Well we DO use our E equiptement to the max. Over 65 recordings scheduled? Who would of thought. But sadly there are others out there with troubles. My systems on a UPS, well grounded. doesnt get disturbed often, neither jen or I enjoy cleaning, So I am not dusting moving stuff constantly. Admittely our home is dusty thanks to our two poodles, with their doggie doors. They go out get muddy and come in dragging mud that changes to dust when it drys out. I routinely blow dust out of appliances at this time of year. Once the grass starts growing the mud disappears.

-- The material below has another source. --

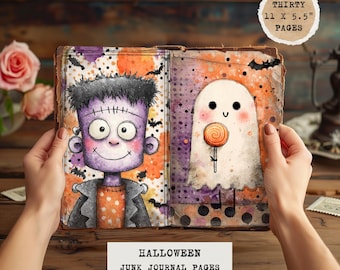 May include: Open journal with Halloween-themed illustrations. One page features a purple Frankenstein's monster, the other a ghost holding a lollipop. The journal is labeled "Halloween Junk Journal Pages, Volume 1" and contains thirty 11 x 5.5 inch pages.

I DONT LIKE being told I am the ONLY ONE with troubles. In nearly all cases this is a cover for a problem. I service machines for a living and this is the manufacturers favorite statement. I have gone so far as to contact other dealers before complaining to a manufacturer about a problem.

When they lie and saY YOUR THE ONLY ONE i ASK WHY HAVE THESE FOLKS CONTACTED YOU WITH THE same TROUBLES?


----------



## Jacob S (Apr 14, 2002)

I never heard or hear of dishplayer hard drives failing, just bugs in the software. I had 3 501 failures myself and have seen problems with a 721, so I know how it goes with these Dish PVR products. With DirecTv going to add locals here by the end of the year and if they get WB local here then the advantages of Dish over DirecTv will be over. DirecTv changes channels quicker, has smaller receivers, has a better feel in the program guide, displays, hardware is cheaper, but no superstations and a charge for the pvr service (except for the higher priced packages) made it at a disadvantage but they have added all of these additional channels as well which was another disadvantage they used to have to Dish.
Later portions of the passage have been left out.